# [THE PROBLEM]
Your task is to write out the full listing once more, exactly.

•••

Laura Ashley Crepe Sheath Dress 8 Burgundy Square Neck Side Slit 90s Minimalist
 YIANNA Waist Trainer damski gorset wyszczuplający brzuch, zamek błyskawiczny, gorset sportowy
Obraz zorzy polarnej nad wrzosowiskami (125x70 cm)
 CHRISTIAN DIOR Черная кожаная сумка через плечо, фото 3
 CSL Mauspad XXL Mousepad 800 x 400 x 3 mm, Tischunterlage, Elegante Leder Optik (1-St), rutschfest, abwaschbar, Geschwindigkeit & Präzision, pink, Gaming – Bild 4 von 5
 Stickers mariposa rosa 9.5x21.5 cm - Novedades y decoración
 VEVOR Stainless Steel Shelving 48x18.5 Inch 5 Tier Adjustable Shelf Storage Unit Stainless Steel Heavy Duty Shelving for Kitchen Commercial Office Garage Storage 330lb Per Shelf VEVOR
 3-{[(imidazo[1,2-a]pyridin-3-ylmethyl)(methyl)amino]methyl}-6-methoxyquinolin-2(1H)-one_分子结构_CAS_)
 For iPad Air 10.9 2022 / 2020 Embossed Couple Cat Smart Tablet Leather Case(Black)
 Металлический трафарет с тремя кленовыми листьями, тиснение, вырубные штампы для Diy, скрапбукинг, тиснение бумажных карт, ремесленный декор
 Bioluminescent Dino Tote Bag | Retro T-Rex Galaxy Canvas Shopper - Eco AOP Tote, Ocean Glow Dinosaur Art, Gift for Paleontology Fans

•••

# [TASK OUTPUT]
Laura Ashley Crepe Sheath Dress 8 Burgundy Square Neck Side Slit 90s Minimalist
 YIANNA Waist Trainer damski gorset wyszczuplający brzuch, zamek błyskawiczny, gorset sportowy
Obraz zorzy polarnej nad wrzosowiskami (125x70 cm)
 CHRISTIAN DIOR Черная кожаная сумка через плечо, фото 3
 CSL Mauspad XXL Mousepad 800 x 400 x 3 mm, Tischunterlage, Elegante Leder Optik (1-St), rutschfest, abwaschbar, Geschwindigkeit & Präzision, pink, Gaming – Bild 4 von 5
 Stickers mariposa rosa 9.5x21.5 cm - Novedades y decoración
 VEVOR Stainless Steel Shelving 48x18.5 Inch 5 Tier Adjustable Shelf Storage Unit Stainless Steel Heavy Duty Shelving for Kitchen Commercial Office Garage Storage 330lb Per Shelf VEVOR
 3-{[(imidazo[1,2-a]pyridin-3-ylmethyl)(methyl)amino]methyl}-6-methoxyquinolin-2(1H)-one_分子结构_CAS_)
 For iPad Air 10.9 2022 / 2020 Embossed Couple Cat Smart Tablet Leather Case(Black)
 Металлический трафарет с тремя кленовыми листьями, тиснение, вырубные штампы для Diy, скрапбукинг, тиснение бумажных карт, ремесленный декор
 Bioluminescent Dino Tote Bag | Retro T-Rex Galaxy Canvas Shopper - Eco AOP Tote, Ocean Glow Dinosaur Art, Gift for Paleontology Fans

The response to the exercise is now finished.